Over the course of 2017, the U.K. Actuarial Valuation (as at March 31, 2016) was finalised with the U.K. Trustee and was accepted by the pensions regulator. In recent years, the Group has undertaken several initiatives to reduce the Group’s net pension obligation exposure. For the U.K. defined benefit pension scheme, which is the Group’s largest defined benefit scheme, these initiatives have included agreeing funding principles for cash contributions to be paid into the U.K. pension scheme to target a level of assets in excess of the current expected cost of providing benefits, and, in 2010, amendments to the scheme to freeze pensionable pay at 30 June 2010 levels. Furthermore, liability management exercises have been carried out including the completion of a Pensions Increase Exchange exercise in 2017 and other exercises are planned.

In the U.S. a credit of $92 million was realized from the closure of both the qualified and non-qualified U.S. pension plans to future accrual in December 2017 and from a change in eligibility criteria for the U.S. post-retirement welfare plan. The legacy defined benefit pension plan participants are eligible for defined contribution benefits from January 2018.

From January 2017, for the defined benefit plans in the U.K., the U.S., Sweden and Germany, the Group moved to a multiple discount rate approach. This has resulted in separate discount rates being utilised to value defined benefit obligations, service cost and interest cost. The change has impacted on the measurement of the service and interest cost items in 2017. Further details of the pension scheme is set forth under the heading “Financial Statements—Notes to the Group Financial Statements—Note 21—Post-retirement benefits” on pages 178 to 184 of AstraZeneca’s “Annual Report and Form 20-F Information 2018” included as exhibit 15.1 to this Form 20-F dated March 5, 2019 and is incorporated by reference.

Developments in Legal Proceedings

For information in respect of material legal proceedings in which AstraZeneca is currently involved, including those discussed below, please see the information (including tabular data) set forth under the heading “Financial Statements—Notes to the Group Financial Statements—Note 29—Commitments and contingent liabilities” on pages 194 to 199 of AstraZeneca’s “Annual Report and Form 20-F Information 2018” included as exhibit 15.1 to this Form 20-F dated March 5, 2019 and is incorporated by reference.

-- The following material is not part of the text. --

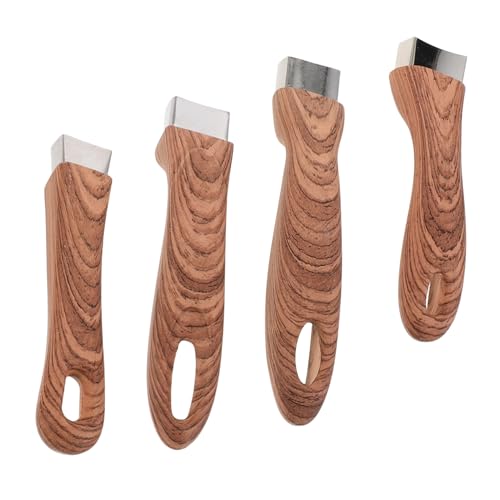 GLEAVI 4 Stück Universal Topfgriff Küchentöpfe Bratpfannengriff Ersatzgriff Für Pfanne Langer Griff Für Bratpfanne Kochgeschirrgriff Ersatzgriff Für Milchpfanne Khaki Bakelit GLEAVI 4 Stück Universal Topfgriff Küchentöpfe Bratpfannengriff Ersatzgriff Für Pfanne Langer Griff Für Bratpfanne Kochgeschirrgriff Ersatzgriff Für Milchpfanne Khaki Bakelit von GLEAVI
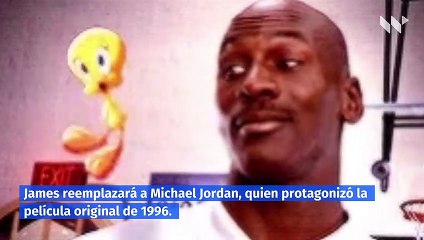 LeBron James revela el título de la secuela de 'Space Jam'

The proceedings discussed below are provided to supplement and update the corresponding disclosure in AstraZeneca’s “Annual Report and Form 20-F Information 2018”. Unless noted below or in AstraZeneca’s “Annual Report and Form 20-F Information 2018”, no provisions have been established in respect of these proceedings.

Patent litigation

Brilinta (ticagrelor)

Patent proceedings outside the US

In Canada, in September 2017, Apotex Inc. (Apotex) challenged the patents listed on the Canadian Patent Register with reference to Brilinta. AstraZeneca discontinued the proceeding against Apotex in February 2019 after Apotex withdrew its challenge.

Commercial litigation

Toprol-XL (metoprolol succinate)
Aralez litigation

In October 2016, AstraZeneca completed its sale of certain assets related to the U.S. rights to Toprol-XL and AstraZeneca’s authorized generic metoprolol succinate product to Aralez Pharmaceuticals Trading DAC (Aralez). In August 2018, Aralez commenced voluntary insolvency proceedings and filed voluntary petitions for relief under Chapter 11 of the U.S. Bankruptcy Code in the U.S. Bankruptcy Court for the Southern District of New York. Aralez listed AstraZeneca as an unsecured creditor in the U.S. Bankruptcy Proceedings with a claim of $14m. AstraZeneca filed a proof of claim asserting an unsecured claim of approximately $65m. In October 2018, Aralez filed a motion in the Bankruptcy Court seeking to sell the U.S. rights to Toprol-XL and its authorized generic. AstraZeneca filed an objection to the proposed sale. The parties settled AstraZeneca’s sale objection and its allowed claim in the bankruptcy case on March 1, 2019, subject to bankruptcy court approval scheduled for March 5, 2019.

Government investigations/proceedings

Synagis (palivizumab)

Litigation in New York

As previously disclosed, in the U.S., in June 2011, MedImmune received a demand from the U.S. Attorney’s Office for the Southern District of New York requesting certain documents related to the sales and marketing activities of Synagis. In July 2011, MedImmune received a similar court order to produce documents from the Office of the Attorney General for the State of New York Medicaid and Fraud Control Unit pursuant to what the government attorneys advised was a joint investigation. MedImmune has cooperated with these inquiries. In March 2017, MedImmune was served with a lawsuit filed in U.S. Federal Court in New York by the Attorney General for the State of New York alleging that MedImmune inappropriately provided assistance to a single specialty care pharmacy. In September 2018, the U.S. Federal Court in New York denied MedImmune’s motion to dismiss the lawsuit brought by the Attorney General for the State of New York.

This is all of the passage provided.